July 21 (Bloomberg) -- Barclays Plc saw the number of U.S. shares traded in its dark pool decline for a second week after it was sued by New York for allegedly lying to customers.
About 66 million U.S. shares were traded in the dark pool in the week of June 30, down 66 percent from about 197 million in the previous week, according to data from the Financial Industry Regulatory Authority. The drop follows a 37 percent decline from 312 million in the previous week, data show.
Barclays lied to customers and masked the role of high-frequency traders as it sought to boost revenue at one of Wall Street’s largest private trading venues, New York Attorney General Eric Schneiderman said in a complaint filed June 25. Barclays Chief Executive Officer Antony Jenkins, in a memo to employees following the lawsuit, said the bank will “quickly and decisively” deal with any wrongdoing.
The stock fell 0.8 percent to close at 210.20 pence in London. The shares have dropped 23 percent this year, making them the worst performers among Britain’s five largest banks.
Barclays fell from second place behind Credit Suisse Group AG as the largest dark pool operator in the U.S. to 12th, the Finra data show. Credit Suisse, which remains No. 1, saw a 19 percent drop in the number of shares traded in that week.
Barclays didn’t respond to e-mails seeking comment.
Jenkins, who took over from Robert Diamond in August 2012, is seeking to focus on equities, while cutting fixed income, currencies and commodities trading to restore investor confidence in the wake of a series of scandals. Diamond resigned following a 290 million-pound ($495 million) fine for rigging the London interbank offered rate.

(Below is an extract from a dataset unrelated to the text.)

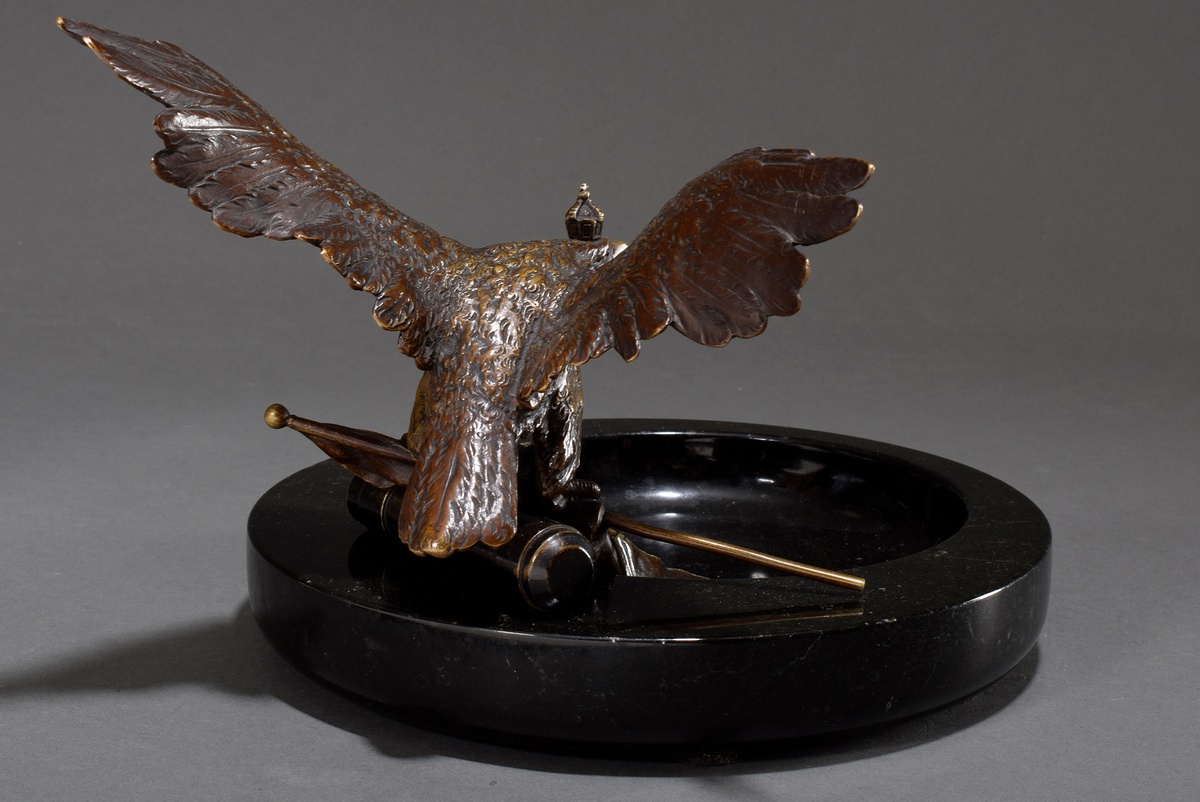 Wilhelminian garnet-serpentine business card tray with fully sculptured bronze "Eagle with imperial - Image 3 of 6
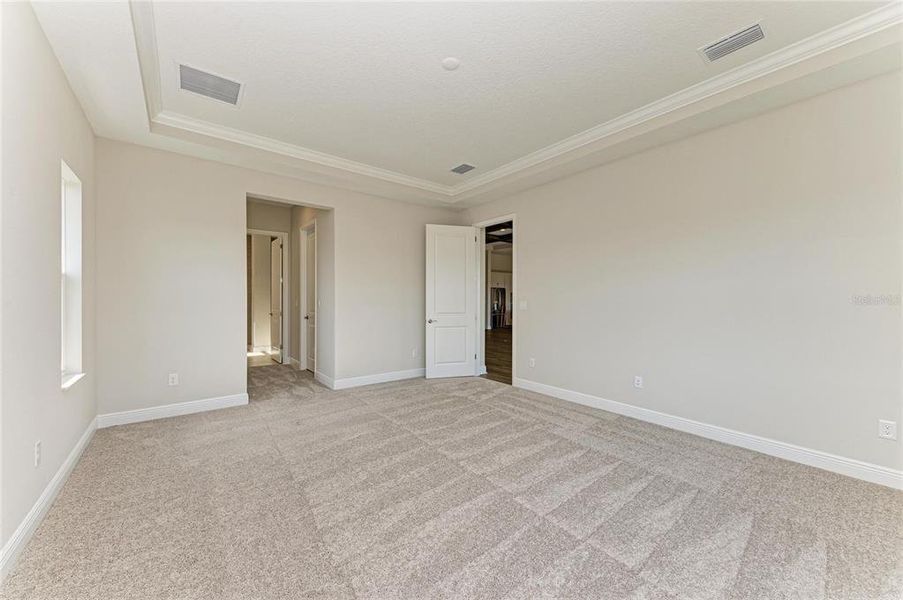 Spacious, unfurnished interior of a new home in Two Rivers, Zephyrhills (Image 18).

Expanding its dark pool was a “principal goal” of Barclays’s equities electronic trading division and “central to driving profits,” Schneiderman said in his complaint.
Barclays has said it’s cooperating with Schneiderman’s office and is examining the matter internally. The bank temporarily removed Bill White from his role overseeing electronic equities trading last month to focus on the bank’s response to the lawsuit, according to a person briefed on the matter. White isn’t being suspended, the person said.
The bank acquired the alternative trading venue in 2008 as part of its acquisition of Lehman Brothers Holdings Inc.’s New York-based operations. Under White, the dark pool, known as Barclays LX, moved from the fifth-largest pool operating in the U.S. in 2011 to second after Credit Suisse three years later, according to data compiled by Rosenblatt Securities Inc.
The exchange uses computer algorithms to match buyers and sellers without identifying them until after a trade has been completed. Barclays encouraged customers its dark pool was a safe place to trade, according to Schneiderman’s complaint.
Dark pools and high-frequency traders are finding little support among financial professionals amid criticism from books and Congress, responses to a Bloomberg Global Poll show. At least half the respondents to the poll published today professed a negative view of the anonymous equity markets and proprietary firms that buy and sell stocks in millionths of a second.
Barclays has until July 25 to reply to the attorney general’s civil complaint.